Les nouvelles réglementations favoriseront encore plus ces véhicules et pousseront à l'abandon des hybrides et hybrides rechargeables, qui associent moteur essence et batterie. De quoi inquiéter la filière qui emploie 14,6 millions de salariés dans l'UE et qui mise encore beaucoup sur cette "technologie de transition".

Si Bruxelles instaure des mesures d'accompagnement notamment pour développer les bornes de recharge, "nous sommes ouverts à des réductions de CO2 supplémentaires en 2030", a affirmé récemment Oliver Zipse, président de l'association européenne des constructeurs (ACEA).

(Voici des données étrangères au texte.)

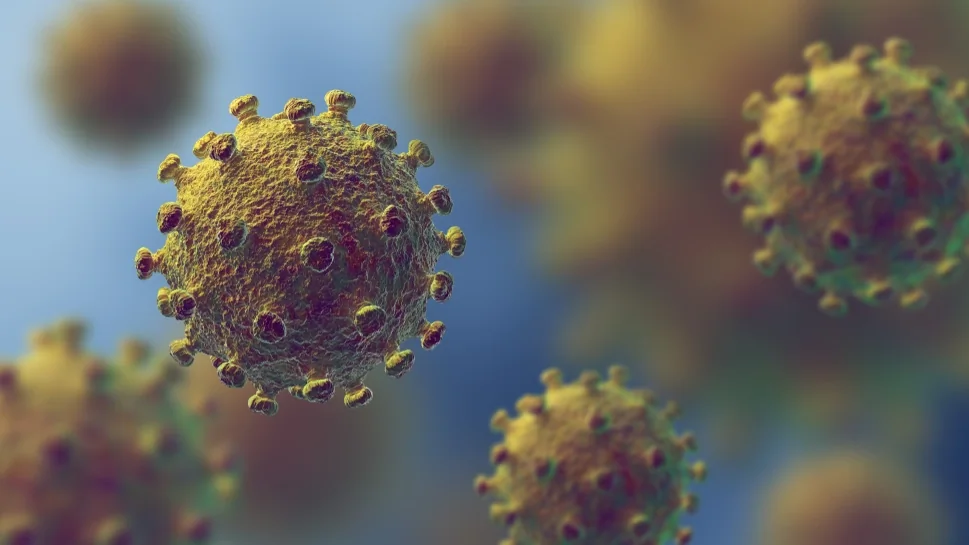 a visual representation of the coronavirus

Le lobby, qui s'est longtemps battu pour ralentir la transition, est profondément divisé. La majorité de ses membres souligne qu'une électrification trop rapide augmenterait le prix des véhicules, détruirait des emplois et favoriserait la concurrence chinoise, en avance sur les batteries.

Volkswagen déjà prêt

Mais le leader européen Volkswagen, qui représente une vente sur quatre en Europe, a rejoint l'américain Tesla dans la promotion du 100% électrique, après avoir fait scandale en 2015 en avouant le trucage de ses moteurs diesel.

"Il y a un énorme conflit au sein de l'ACEA. À cause du Dieselgate, Volkswagen a été poussé vers l'électrique pour améliorer son image. Le groupe a consenti d'énormes investissements et maintenant il a les produits pour respecter la future législation", explique Matthias Schmidt. "Volkswagen est en parfaite position pour gagner des parts de marché et envoyer certains concurrents dans le mur". En juin, la marque a annoncé qu'elle cesserait de vendre des moteurs à combustion en Europe entre 2033 et 2035.

"Une voiture reste en général quinze ans sur la route. Si on veut avoir un transport complètement décarboné en 2050, il faut que la dernière voiture thermique soit vendue en 2035 au plus tard", estime Diane Strauss, responsable de l'ONG Transport and Environment pour la France.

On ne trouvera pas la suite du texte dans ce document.